JB Equities replaced existing wooden window sashes with vinyl ones when it converted the Carlton Court building’s apartments into condominiums in 2007. But the building sits within a historic district – and the developers did not seek historic design review. The developers were informed that the windows need to be replaced; however, they are still seeking an affordable solution that the city would approve.
Carlton Court, at Northwest 17th Avenue and Everett Street, was one of several “vintage” buildings that Benjamin Stutz and Jeff Mincheff transformed into condos a few years ago, said Peter Finley Fry, a consultant working for the developers. But when the project was done, Portland’s code enforcement office was notified of the building’s new, bright-white vinyl windows sashes.
The building is a “secondary contributing resource” in the Alphabet Historic District, so major exterior modifications are subject to historic design review.
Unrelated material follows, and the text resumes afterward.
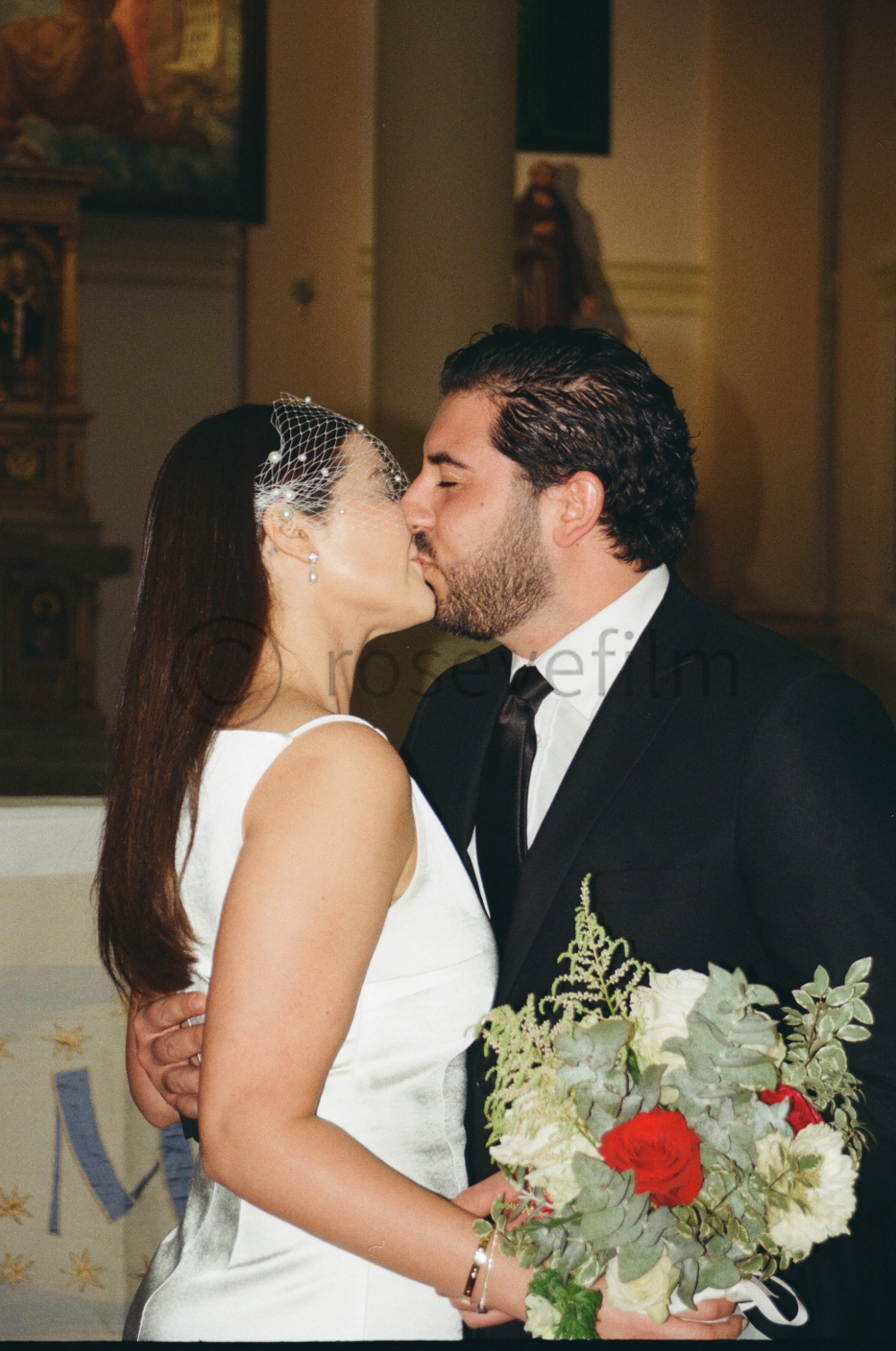 A bride and groom share a kiss inside a church, with the bride holding a bouquet of white and red flowers. The bride wears a white dress and a veil, and the groom is dressed in a black suit with a white shirt and black tie.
City planners told the developers that there’s no chance that vinyl windows would pass that review, and so the project entered the city’s code enforcement process. The developers appealed at every level up to the state Land Use Board of Appeals, but in October 2010 they exhausted their last appeal.
Then the city in January began assessing a monthly fee of $1,282.60 for the code violation. That fee won’t go away until something changes, according to Mike Liefeld, code enforcement manager for the city.
“Their options were to replace the vinyl windows with original wood windows, or start the design review process to get something else approved,” Liefeld said.
Installation of wood windows would be too expensive, Fry said. He estimated that the developers spent $80,000 to replace the several types of windows with vinyl ones; use of wood windows would have cost $300,000 to $400,000 more.
“If they’d have known they had to do wood windows in the first place, they wouldn’t have done the project at all,” Fry said. “(Neglect) would have caused the building to rot.”
However, the city contends that the vinyl windows have a big effect on the building and its contribution to the historic district.
“They have a lot of impact on the character of the building,” said planner Dave Skilton, who works in the land use services division of the city’s Bureau of Development Services. “We’re striving to get back a modicum of the (building’s) original character.”
One solution Fry has suggested is to paint the bright-white vinyl of the window sashes a darker color, so the impact isn’t so jarring. But Skilton said that solution “is not likely to work.”
The vinyl window issue is complicated by the fact that it’s a condo building, Fry added. The 37 units are titled separately, so each window change would require approval from each individual owner, he said.
The Carlton Court homeowners association is planning to discuss the issue at an upcoming meeting, according to its president, Michele Mather. She said the association hadn’t asked its members yet if they would allow their vinyl windows to be switched out with wooden ones.
“It’s just our hope as the HOA that this comes to an approved situation quickly and that it’s something all our owners can feel good about,” Mather said.
Fry said he received permission from the Carlton Court homeowners association to at least submit an application for historic design review on its behalf. But he doesn’t know yet what that application will include.
“We have two options – one is to work with the city for a solution that will work with everyone,” Fry said. “The other, if it’s not possible to reach a realistic compromise … I would have to propose something and we would have to fight it out (with the city). I haven’t got to the point of that decision. We’re in an intractable situation.”